In leading a museum-wide transformation toward sustainability and resiliency, we see a bright, at times challenging, future. We are ready to adapt to the effects of a changing climate and lead our community to a better future by taking what we are already doing and expanding it one-hundred-fold.
At the center of our efforts lies a new permanent exhibit solely focused on resilience. Pathways to Resilience, now in the early stages of development, will occupy approximately 4,000 square feet on the museum’s first floor. This exhibit will aim to educate museum guests on current issues related to climate change and inspire them to take action of their own. By concentrating on solutions to local issues, such as water conservation, lowering individual carbon footprints, and learning how to successfully advocate on neighborhood issues, as well as highlighting aspirational actions across the world, we anticipate that guests will leave with concrete ideas of what they can do to address the issues that are most important to them. In addition to creating a new exhibit, we are also updating current exhibits with an increased focus on resiliency. These updates will key in on topics such as hurricane and extreme weather preparation in our Storm Center exhibit, the benefits of healthy ecosystems provide, like flood protection and natural cooling through shade, native species conservation in our Ecoscapes area, and the science of human-induced climate change in the Prehistoric Florida exhibit. These updates will align with messages in the new exhibit, creating a cohesive guest experience.
All building operations are also being evaluated to ensure internal systems are as efficient as possible. We are planning to expand the existing efficiencies of our LEED Silver designed Eco Discovery Center to the entire museum; the Sustainability Action Plan will detail steps to reduce energy, water, and waste and improve the indoor and outdoor experience for all stakeholders. Specific actions such as switching to all LED-powered lights, renewing our building envelope to ensure unwanted warm air isn’t leaking in, and installing low-flow water fixtures throughout the museum are low-hanging fruit we know will help us save resources. Going beyond these simple fixes will include developing a Sustainable Purchasing Policy and Green Cleaning Policy to ensure environmentally and socially favorable products are brought into the museum, installing more renewable energy generation on-site via solar, wind, or green hydrogen, and installing rainwater catch systems for outside irrigation needs.

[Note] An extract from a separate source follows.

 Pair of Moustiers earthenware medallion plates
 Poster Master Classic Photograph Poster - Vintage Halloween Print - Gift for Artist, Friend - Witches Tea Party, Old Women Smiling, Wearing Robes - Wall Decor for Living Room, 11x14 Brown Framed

As MODS takes steps to bolster our own sustainability and resiliency, we will share our experiences and encourage as many community partners and stakeholder as possible to work together to drive positive change for TBL’s planet, people, and profit.
We have set a high bar for MODS: transform our community into one that is more resource responsible and able to bounce back from disruptions caused by a changing climate. But we will fail if we tackle this issue alone. We don’t have time for a world where individuals all try their hardest; we must work together to avoid catastrophic failure. We believe that museums have a unique power to bring communities together and lead them to a better tomorrow.
Lance Cutrer is the first environmental sustainability manager at the Museum of Discovery and Science in Fort Lauderdale, Florida. Prior to this, he was a middle school science teacher and educational coordinator for an environmental learning program.